Would you mind linking to the resource you read, so we can see what other "information" you learned from it?

----------


## moSh

I've been punched in the back of the head, flung into a metal beam by a bungee chord and injected with AIDs at a concert, all in me dreams.

Hurt every time.

----------


## MadMonkey

> oh :O you mean it is unstable right but  few months back i saw top ten reality check in that skin pinching was at  a 1st position after that i tried to follow the same ,even i succeeded once by using this as a reality check



You should on use reality checks that are as reliable as possible. Pinching yourself is extremely unreliable. Stick with ones that are proven to be more reliable like plugging your noes and trying to breath through it.

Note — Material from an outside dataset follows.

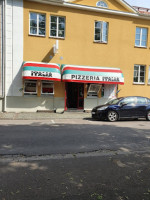 Pizzeria Italia outside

BTW instead of double posting edit your previous post.

----------


## angie746

I always get pain in my dreams but it's always ten times worse than what it would be in real life, damn dreams lol  :smiley:

----------


## Vitriol

i remember once I felt like I got shot in the back of the head in a dream and the pain was enough to wake me up, and it was still there for a little after waking.

----------


## Carrot

> You should on use reality checks that are as reliable as possible. Pinching yourself is extremely unreliable. Stick with ones that are proven to be more reliable like plugging your noes and trying to breath through it.
> 
> BTW instead of double posting edit your previous post.



Noseplug failed me once in a dream and I continued walking in my FA.

----------


## GenericUser777

> yesterday i had a dream,in that someone pulled my finger hardly and i  yelled it really hurts ..after woke up i realize how can i felt pain in my dream because i heard most of the people told the pain is the one of the reality check ,but in my dream i felt pain how it is possible...i am in big confusion......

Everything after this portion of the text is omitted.